Could America Really Ban Bitcoin?

In 2009, bitcoin made its debut as a digital peer-to-peer network that was untethered to any national government. Since then, it has become a widely accepted form of payment around the world with growing value. While a single bitcoin was worth less than 10 cents a decade ago, it peaked at over $60,000 in February and April 2021, per Statista. However, the cryptocurrency has suffered some setbacks after coming under scrutiny from numerous countries around the world. 

In its biggest blow, China banned mining the digital currency, citing the carbon emissions emitted by miners as its reason, per Coindesk. According to Newsweek, other nations — such as India and several members of the European Union — have also considered regulations on bitcoin due to its connection to crime and money laundering. 

As a result, many investors and monetary policymakers have questioned whether the United States might follow suit and either enact regulations or even ban the digital currency.

U.S. action against bitcoin is 'unlikely'

Fortunately for bitcoin enthusiasts, experts believe that it is "unlikely" that the United States will meddle with the digital currency, per Newsweek. There are multiple reasons for the U.S. to steer clear of the crypto world. For starters, Wall Street has already embraced bitcoin, and it is even traded on the Chicago Mercantile Exchange. 

Moreover, government officials have a vested interest in keeping the U.S. dollar as the world's reserve currency. If bitcoin were to grow in popularity and could not be exchanged to the dollar, it is likely that another currency from a more "welcoming" country would become the most used currency in the world.

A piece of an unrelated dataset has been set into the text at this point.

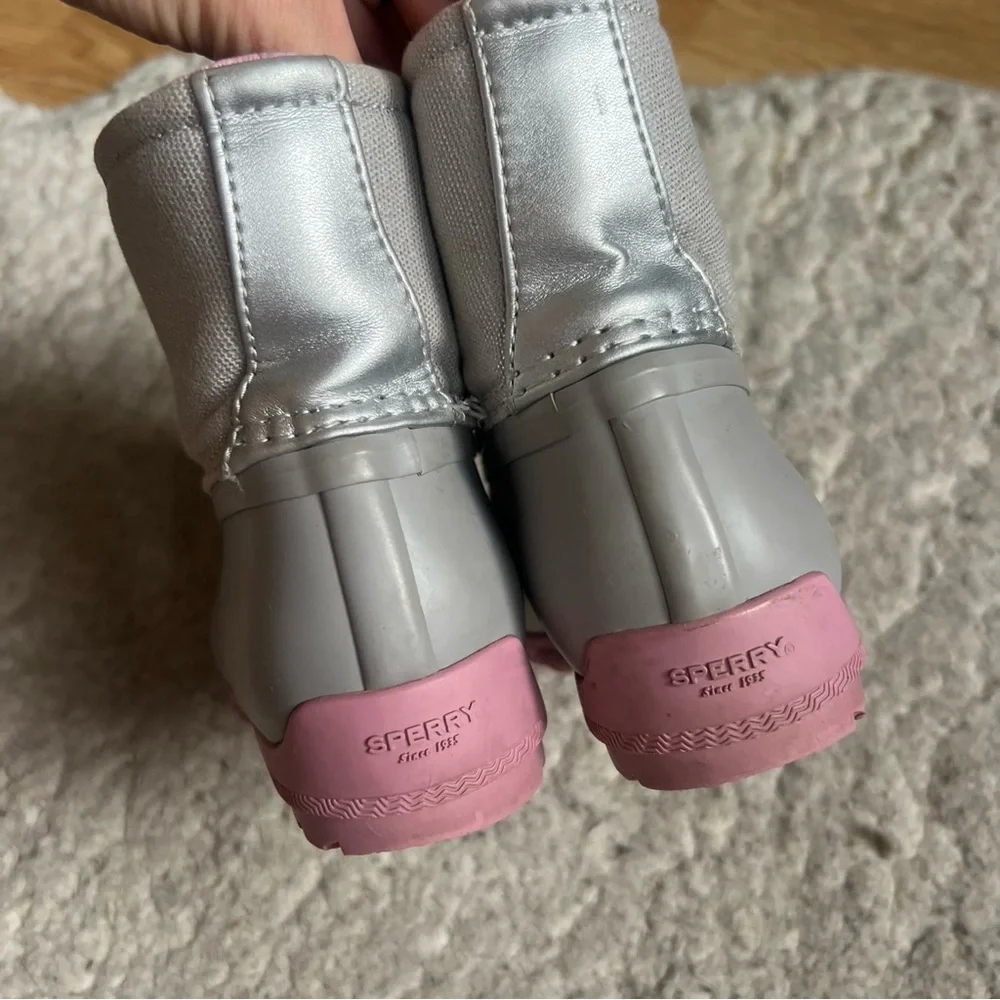 Sperry: Girl's Gray and Pink Port Duck Lace Up Boots Size 10M Style: 162060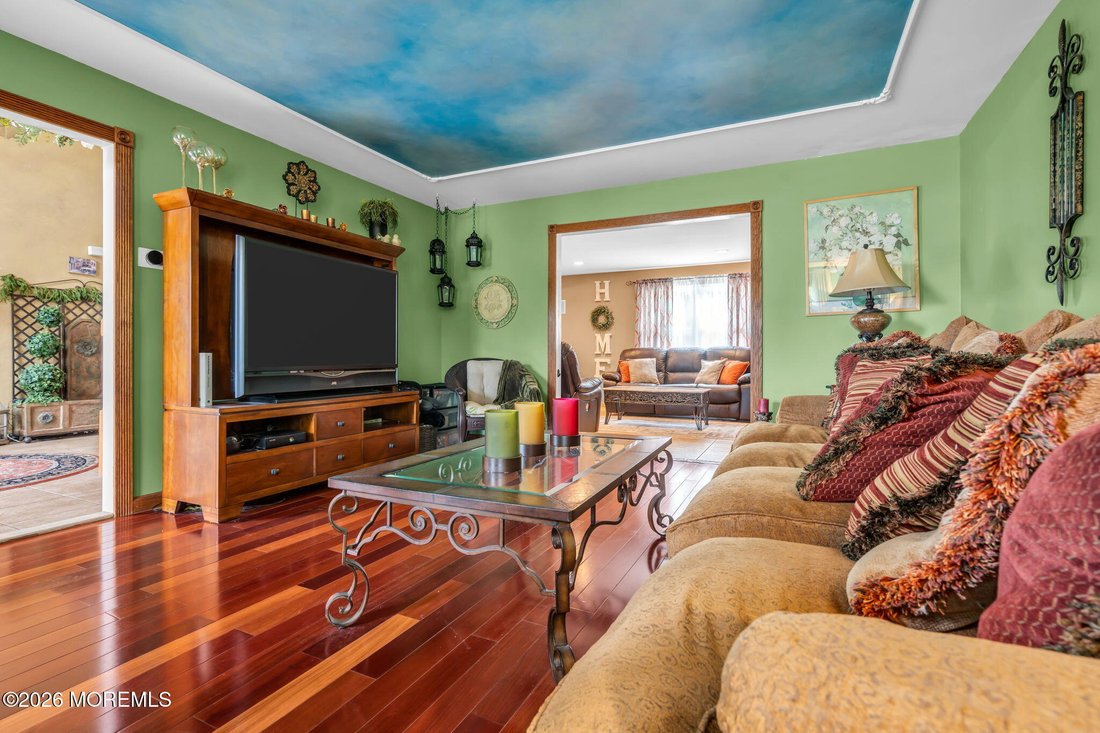 House in Marlboro Township, New Jersey, United States 5 - 18033034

Last but not least, it would be difficult for the American government to crack down on bitcoin even if it wanted to. Lawmakers would have to raise taxes on transactions using the cryptocurrency — but that in turn would likely drive investment away and end in a net loss for the Internal Revenue Service.

"The government doesn't pose a threat to bitcoin," explained Carlos Betancourt, who runs a digital asset hedge fund. "It will be around whether the government likes it or not as long as we have the Internet."

"The global decentralized system simply cannot be stopped from encroaching the borders of any sovereign state," he added. "The ultimate winners will be those countries that embrace and find ways to work with it."